December 10th, 2005
Fast Fact: Three-Minute MP3 Would Consume 40,000 Punch Cards
I want to see the king nerd who figured this one out. But basically, if you stored a standard 3-minute MP3 file on old-fashioned 60s-era PUNCH CARDS, you’d need 40,960 cards, which would file 21 boxes stacked 5 feet, 9-inches high.
“Assuming a non-Hollerith encoding with eight bits per column, and an MP3 file encoded at 128kbps CBR, there would be 36,864 cards in that deck, and the card reader would need a throughput of 205 cards per second. It might be wise to include an 8-column sequence number, however, so that a misordered deck can be repaired by a card sorter; with 72 data columns per card, the total is precisely 40,960 cards (40K cards), requiring a 228 card/second throughput.” The 21 boxes of cards needed would by 5 feet 9 inches tall. That such a huge leap in technology is well within living memory astonishes.” Source: Boing Boing via The Raw Feed













Rob says:
Makes me want to do a comparison between the data densitiy of a punch card and the data density of a HDD…
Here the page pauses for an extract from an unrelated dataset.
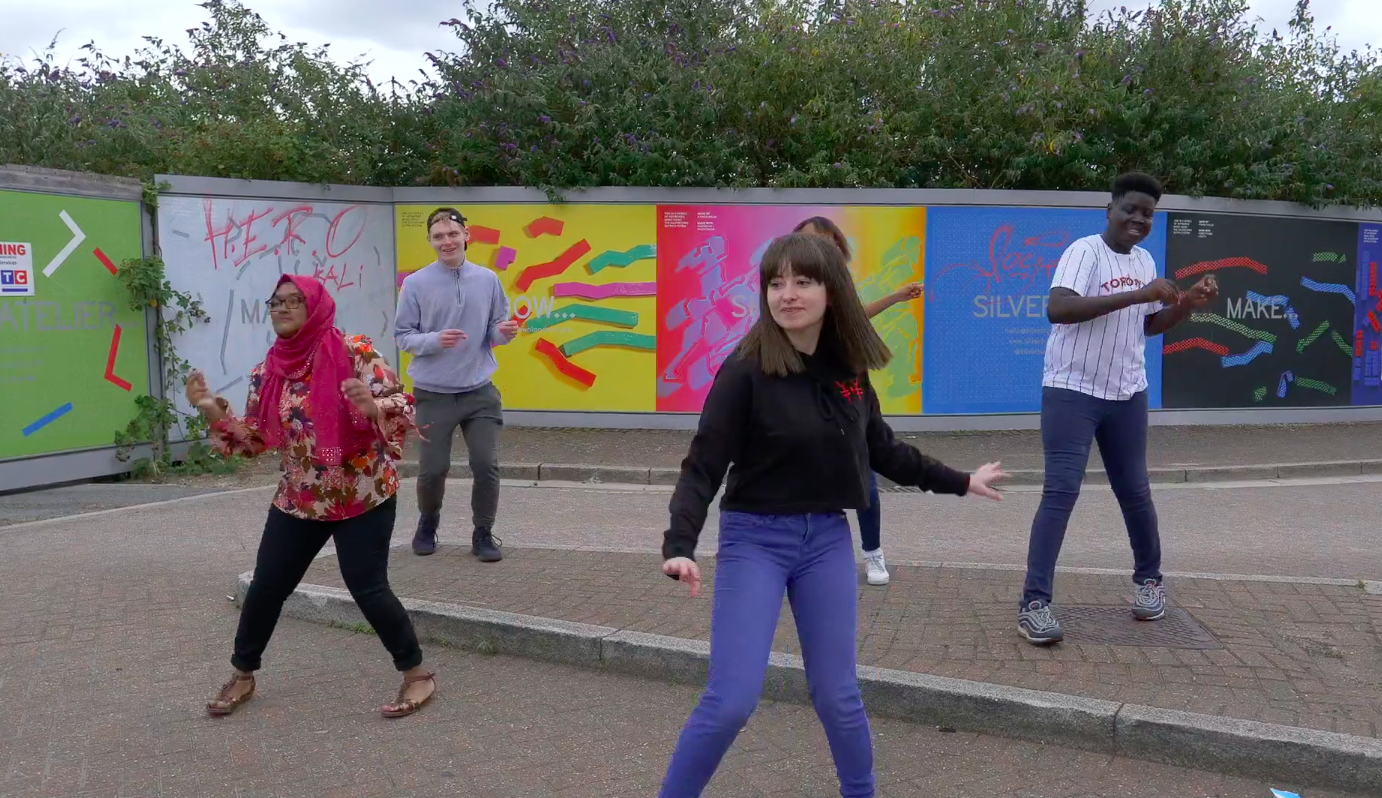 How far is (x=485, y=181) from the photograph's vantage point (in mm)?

August 1st, 2005 at 8:42 pm
Don Smith says:
Why would anyone makeing such a comparison use only 8 of the 12 bits in each of the 80 columns on an IBM punched card. It is still a tremendous increase in capacity in less than 50 years, but you are discount the old card by 25%. Thanks Don
August 1st, 2005 at 10:06 pm
Bob says:
Things have really changed in 40 years. You can now run your computer without punch cards, but NASA can’t put a man on the moon.